____ Data for analysis
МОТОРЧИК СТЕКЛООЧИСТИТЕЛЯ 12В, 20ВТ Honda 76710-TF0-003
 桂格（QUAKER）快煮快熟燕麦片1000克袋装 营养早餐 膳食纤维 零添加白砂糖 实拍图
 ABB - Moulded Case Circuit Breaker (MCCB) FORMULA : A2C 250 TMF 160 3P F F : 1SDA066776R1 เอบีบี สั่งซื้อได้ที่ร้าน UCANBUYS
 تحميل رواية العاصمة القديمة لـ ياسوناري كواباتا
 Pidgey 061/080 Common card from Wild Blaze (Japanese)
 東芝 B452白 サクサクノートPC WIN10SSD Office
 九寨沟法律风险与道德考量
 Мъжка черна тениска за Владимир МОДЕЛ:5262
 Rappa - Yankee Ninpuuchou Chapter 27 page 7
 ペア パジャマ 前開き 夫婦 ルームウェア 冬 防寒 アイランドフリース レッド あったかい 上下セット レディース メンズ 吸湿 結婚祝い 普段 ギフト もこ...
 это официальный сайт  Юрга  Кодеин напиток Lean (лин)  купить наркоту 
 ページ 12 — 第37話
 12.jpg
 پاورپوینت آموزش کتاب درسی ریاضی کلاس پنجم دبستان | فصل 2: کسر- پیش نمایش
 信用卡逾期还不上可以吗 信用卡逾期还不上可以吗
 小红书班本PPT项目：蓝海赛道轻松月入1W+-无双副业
________
- **What to produce**: Word for word, repeat the lines from the one holding "تحميل رواية العاصمة" through the last line of the entries, both included.

- **Exercise answer**:
 تحميل رواية العاصمة القديمة لـ ياسوناري كواباتا
 Pidgey 061/080 Common card from Wild Blaze (Japanese)
 東芝 B452白 サクサクノートPC WIN10SSD Office
 九寨沟法律风险与道德考量
 Мъжка черна тениска за Владимир МОДЕЛ:5262
 Rappa - Yankee Ninpuuchou Chapter 27 page 7
 ペア パジャマ 前開き 夫婦 ルームウェア 冬 防寒 アイランドフリース レッド あったかい 上下セット レディース メンズ 吸湿 結婚祝い 普段 ギフト もこ...
 это официальный сайт  Юрга  Кодеин напиток Lean (лин)  купить наркоту 
 ページ 12 — 第37話
 12.jpg
 پاورپوینت آموزش کتاب درسی ریاضی کلاس پنجم دبستان | فصل 2: کسر- پیش نمایش
 信用卡逾期还不上可以吗 信用卡逾期还不上可以吗
 小红书班本PPT项目：蓝海赛道轻松月入1W+-无双副业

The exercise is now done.